### Requirement
Could you output exactly the lines running from the one containing "Holiday house Schönes" to the final line of the listing below, leaving out pictures?

### Data excerpt
========================

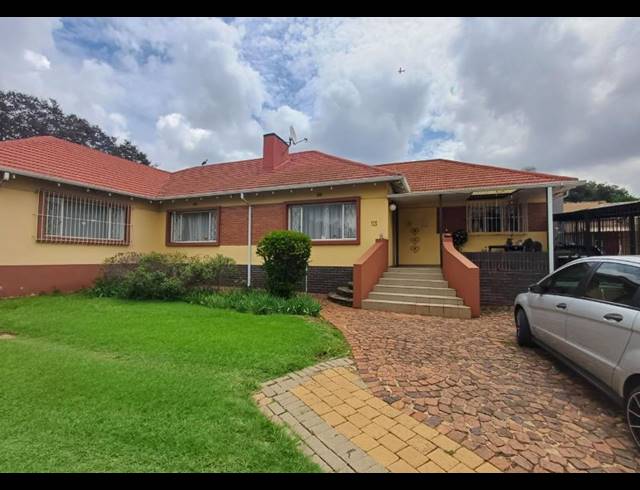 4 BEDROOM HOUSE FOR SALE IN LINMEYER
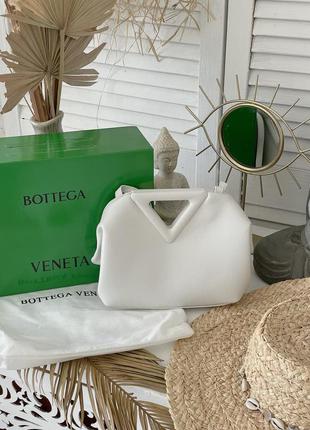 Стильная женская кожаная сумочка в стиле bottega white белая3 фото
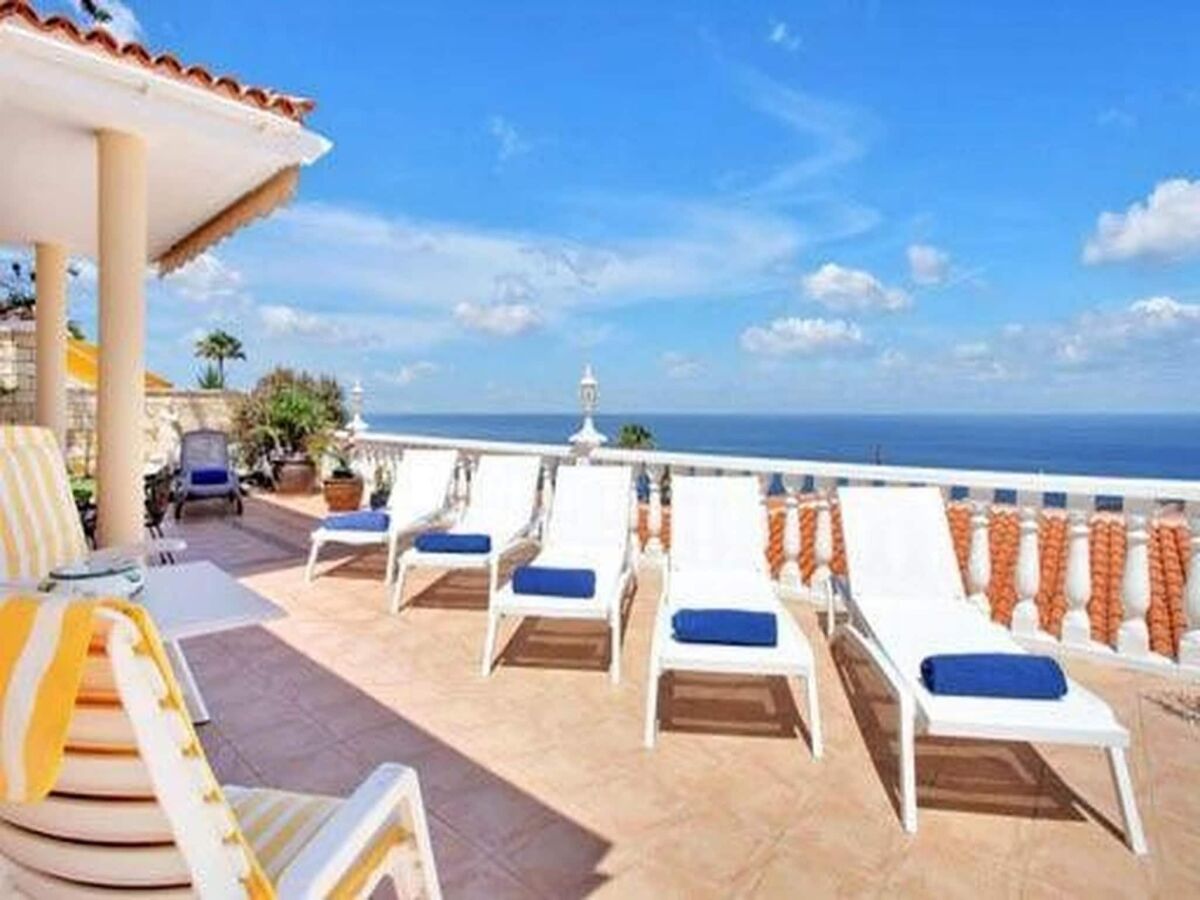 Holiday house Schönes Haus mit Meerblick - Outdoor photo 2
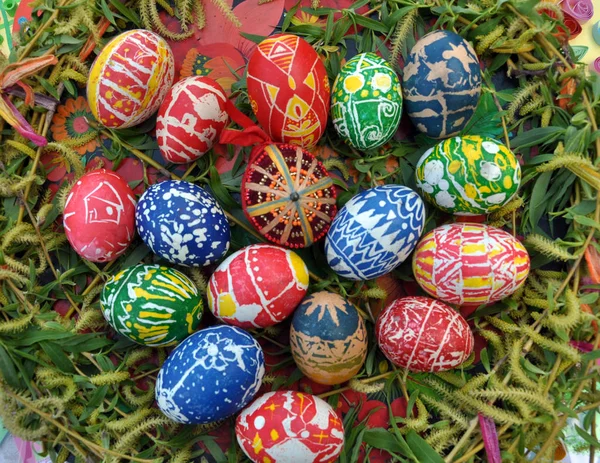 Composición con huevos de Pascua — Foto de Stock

========================

### Response to this exercise
 Holiday house Schönes Haus mit Meerblick - Outdoor photo 2
 Composición con huevos de Pascua — Foto de Stock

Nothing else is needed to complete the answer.